Michel Foucault nos lembra que nos primeiros anos da idade moderna as autoridades citadinas amontoavam os loucos nas “naus dos loucos” e os atiravam ao mar. Eles (os loucos) não estavam de acordo com a ordem daquela época conforme pensada pelos poderosos. Eliminá-los do cenário era um grande servico à ordem pública e à humanidade.
Essa tem sido a lógica subjascente a todas as atitudes coletivas de pureza na história da humanidade. As bruxas na idade média, as inquisições católicas e protestantes, o genocídio nazista, os conflitos étnicos no leste europeu, todos tiveram um forte conteúdo purificador.
Bauman nos lembra que o contrário de pureza não é impureza mas “coisas fora do lugar”. O impuro é o que não se encaixa na ordem conforme estabelecida por quem detém o poder. A sociedade é pensada e estabelecida com a idéia de que cada coisa cumpre um papel definido na ordem social. Há o lugar da religião, da política, da economia; bem como há o lugar dos pais, do homem, da mulher, do branco, do negro, do evangélico, do católico, do praticante dos cultos afros, etc. Quando alguma coisa resolve sair do seu lugar provoca um desconforto pois, coloca em dúvida a organização conforme existia até então.

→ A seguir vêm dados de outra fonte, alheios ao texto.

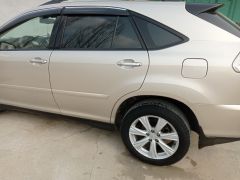 Photo of the vehicle Lexus RX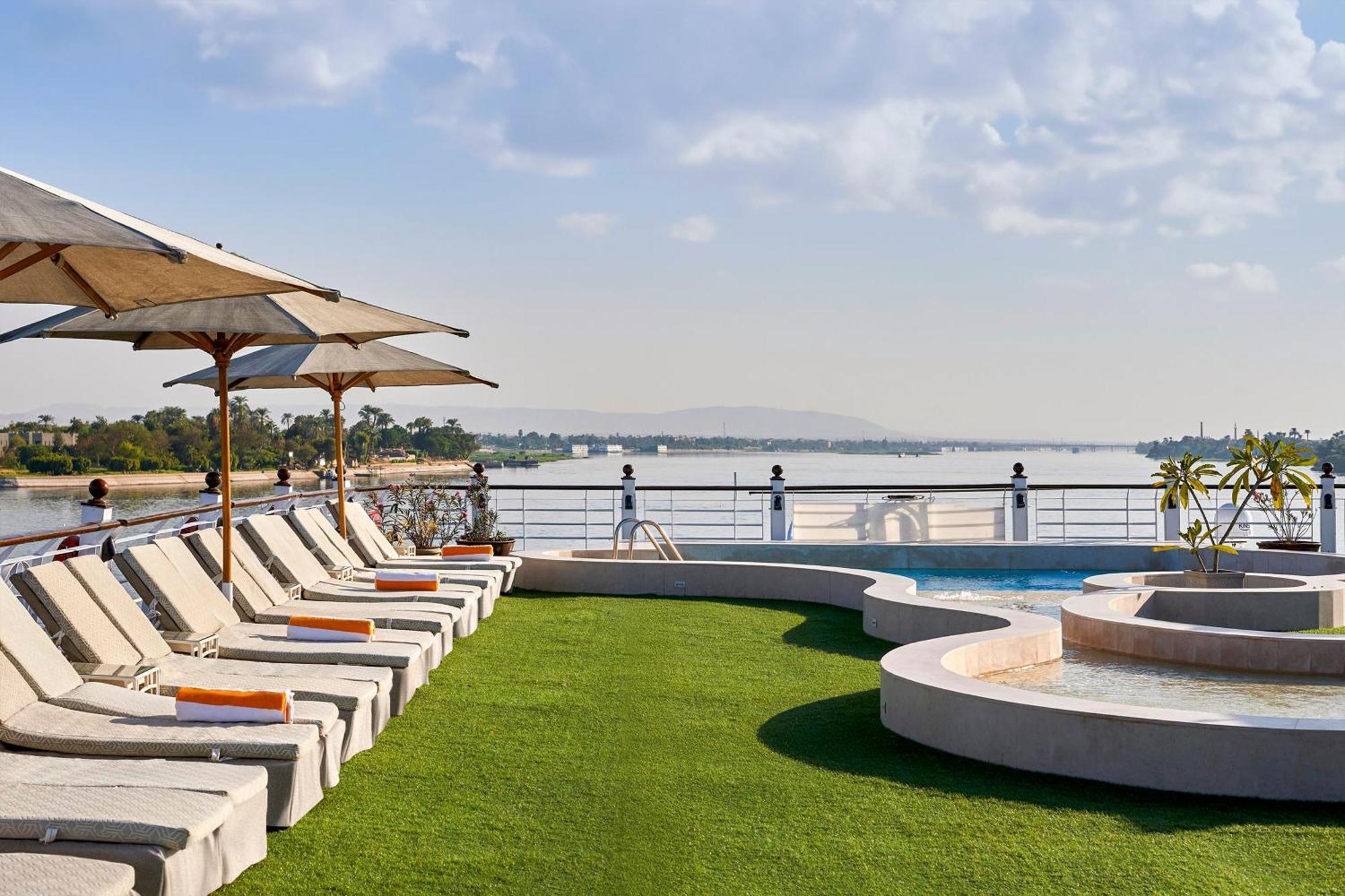 Moevenpick Royal Lotus Nile Cruise, Every Monday Four Nights From Luxor, Every Friday Three Nights From Aswan - Including Excursions & Sightseeing Extérieur photo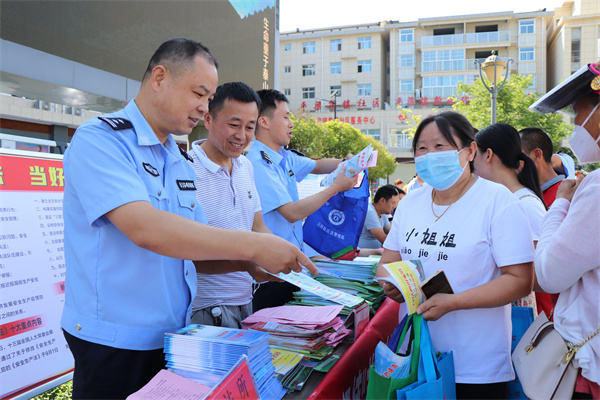 “遵守安全生产法，当好第一责任人”——平梁镇开展“安全生产月”宣传活动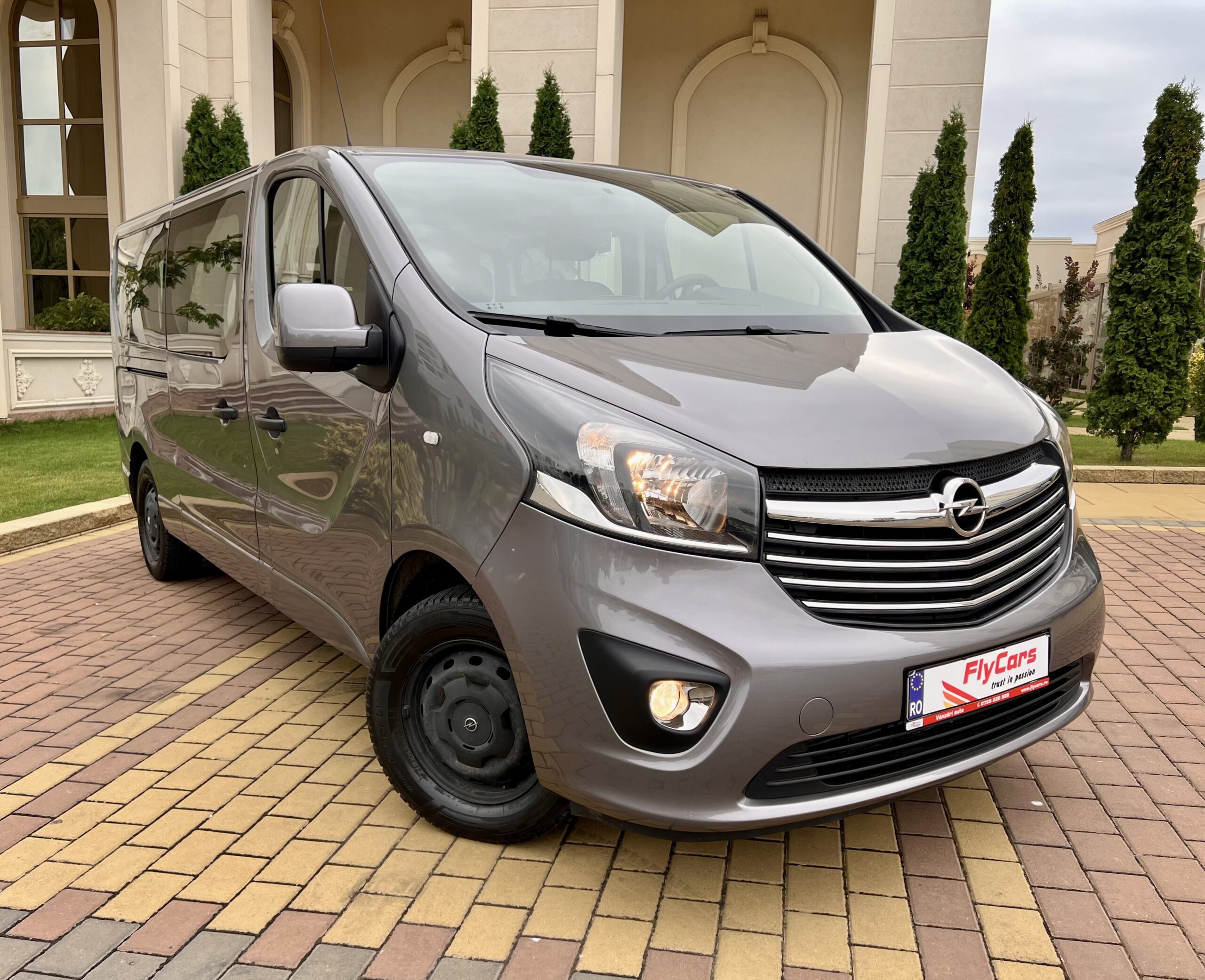 Opel Vivaro L2H1 1.6 CDTI / 8+1 / 26.01.2018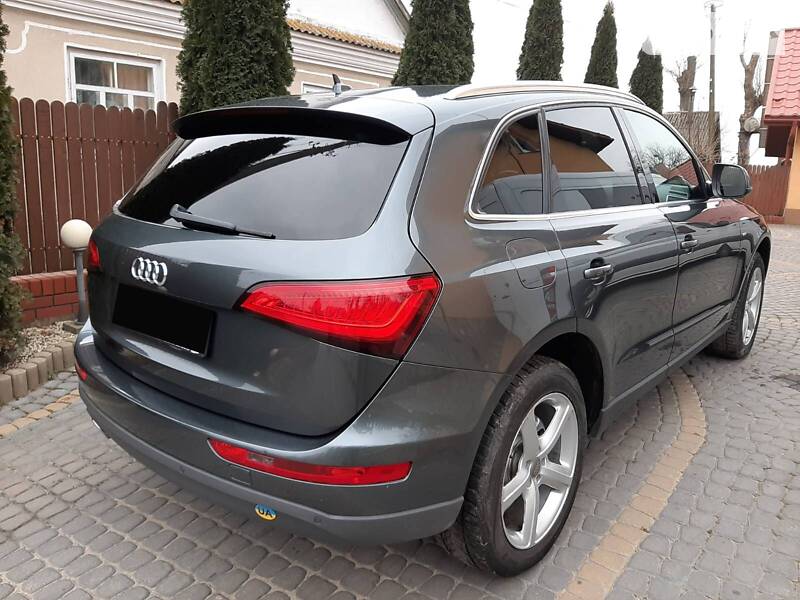 Позашляховик / Кросовер Audi Q5 2013 в Тернополі
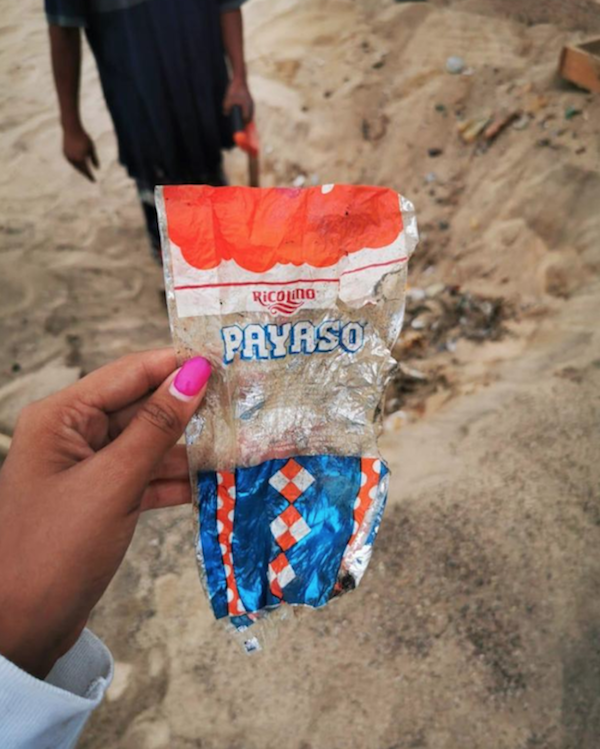 desechos-plásticos-playa-mazatlán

A maioria esmagadora da humanidade acha que a ordem das coisas em uma sociede remonta a Deus e à criação. Noutras palavras, por encontrarmos as coisas definidas como estão desde que chegamos ao mundo, achamos que elas sempre foram assim. A verdade porem, é que a organização social é uma construção do homem. É fruto de um longo processo de acertos e erros para fazer com que a convivência de interesses e mundos diferentes possa acontecer de maneira mais ou menos harmoniosa. Quando se trata de sociedade nada é eterno. Tudo teve início, aliás, vários inícios. É esse fato que é ignorado por aqueles que levantam bandeiras em favor da pureza (ou seria melhor dizer: das purezas?).
Os nossos dias são dias de intensa mobilidade. As coisas estão se recusando a permanecer nos lugares propostos pela sociedade moderna. Alguns atores sociais estão cansados de cumprir o script que a história recente lhes reservou. Negros não querem mais a sua condição subalterna, a mulher quer sair dos bastidores e ser protagonista, homossexiais querem o direito de serem tratados dignamente, evangélicos (no Brasil) querem um lugar ao sol nos centros de decisões políticas, etc. Os interesses são muitos e quase sempre divergentes.
Aqui, faço uma pausa para uma breve reflexão. Ouvi de vários líderes evangélicos frases do tipo: “agora é a nossa vez”, “essa é a nossa oportunidade de dar as cartas”, “agora nós estamos com o poder”. A Marcha da Família foi uma iniciativa na linha deste raciocínio. A pergunda que não quer calar é: O que Jesus faria em nosso lugar? Se os Evangelhos ainda são as fontes mais autorizadas para nos aproximarmos do Galileu, teremos que admitir que esta postura em nada se remete ao comportamento do Filho de Deus. Jesus andou por esta terra não em busca dos seus interesses, mas dAquele que o enviou. E Aquele que o enviou era a favor daqueles que eram maltratados na sociedade.
A Marcha da Família nada mais foi que um ótimo palanque para promover figuras desprezíveis como Silas Malafaia, Bolsonaro e alguns políticos oportunistas. A família precisa ser fortalecida e preservada sim, mas a família é o lugar onde nos deparamos com pessoas diferentes e não programadas. O mais importante é que nunca percamos de vista o amor que acolhe, restaura, mas não compactua com o pecado.